Supplied records
::::

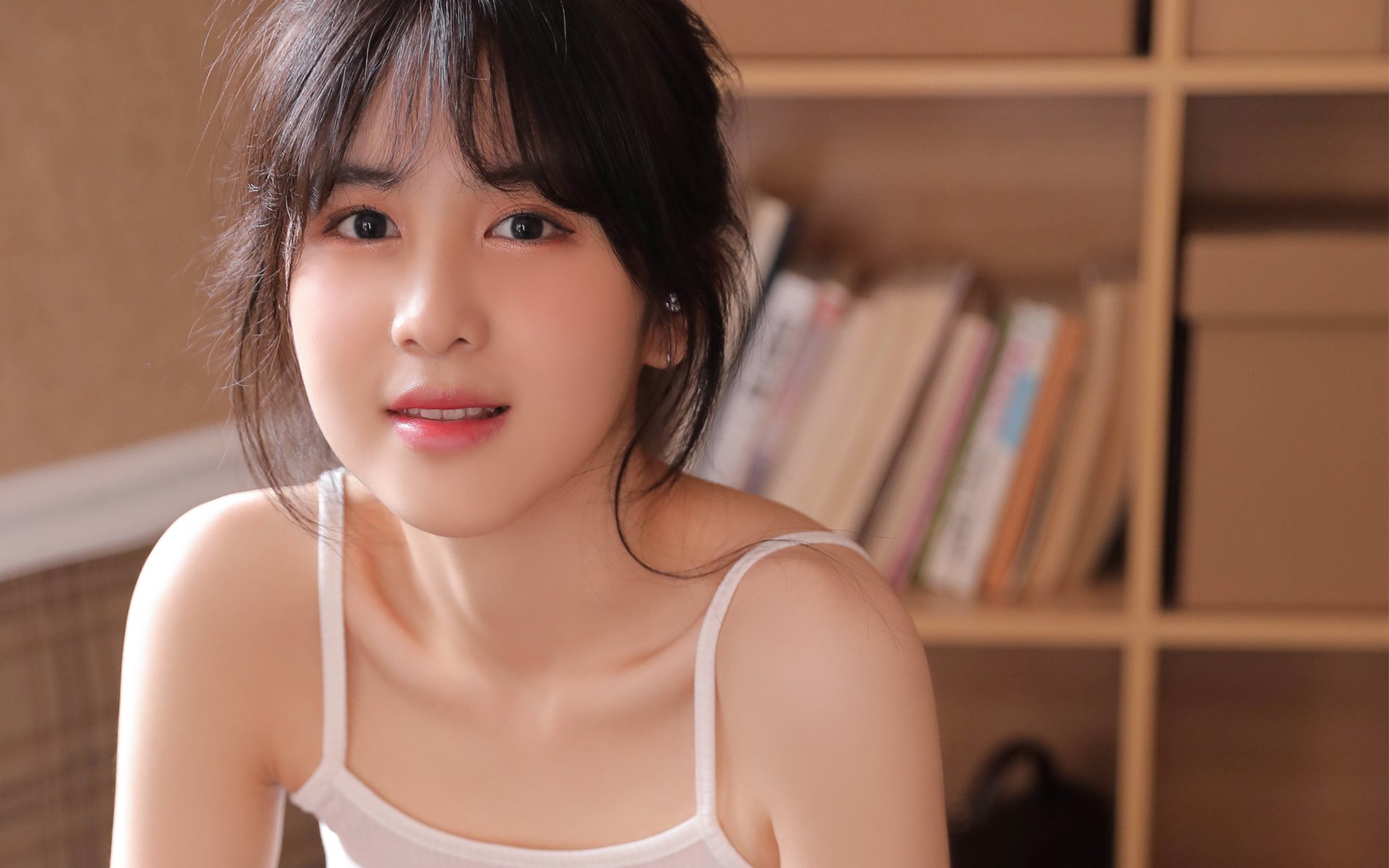 开云首页登录-体育医疗团队提升紧急救援能力与响应速度，体育比赛的医疗援助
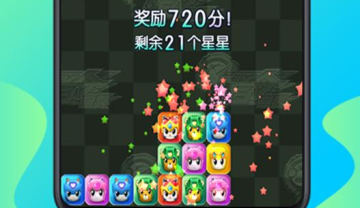 指令宝贝破解版 指令宝贝破解版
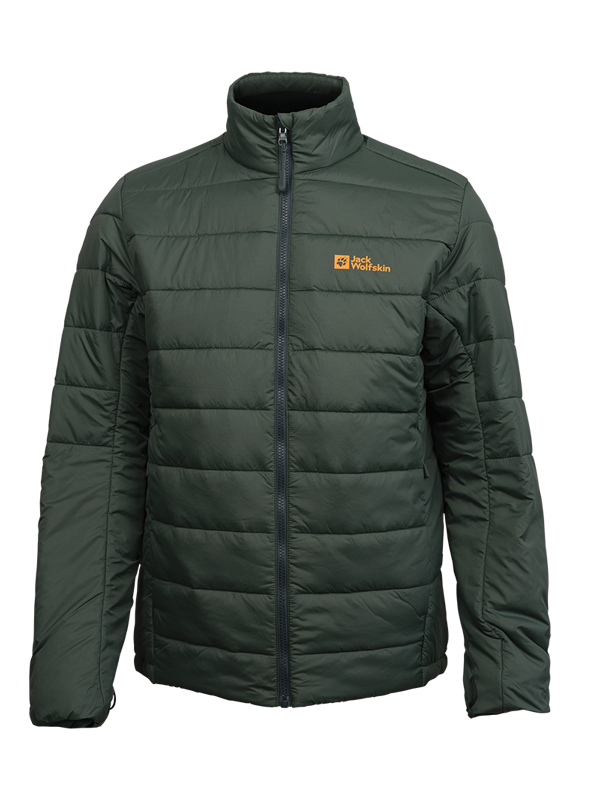Product image of inner jacket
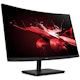 A small tile product image of Acer Nitro ED270UP2 - 27" Curved QHD 170Hz VA Monitor 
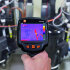 Тепловизор Testo 868 в Перми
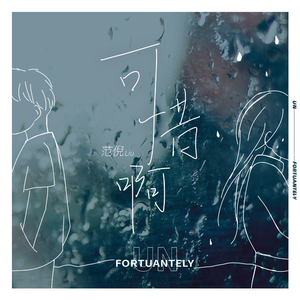 高圆圆穿透明泳装
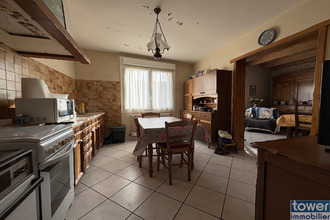 achat maison l-eguille 17600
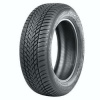 nokian-tyres SNOWPROOF 2 185/65 R15 88T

::::

Exercise instructions
When a picture appears in the material, please pass over it while retyping the rest exactly.

Solution for this problem
 开云首页登录-体育医疗团队提升紧急救援能力与响应速度，体育比赛的医疗援助
 指令宝贝破解版 指令宝贝破解版
Product image of inner jacket
 A small tile product image of Acer Nitro ED270UP2 - 27" Curved QHD 170Hz VA Monitor 
 Тепловизор Testo 868 в Перми
 高圆圆穿透明泳装
 achat maison l-eguille 17600
 nokian-tyres SNOWPROOF 2 185/65 R15 88T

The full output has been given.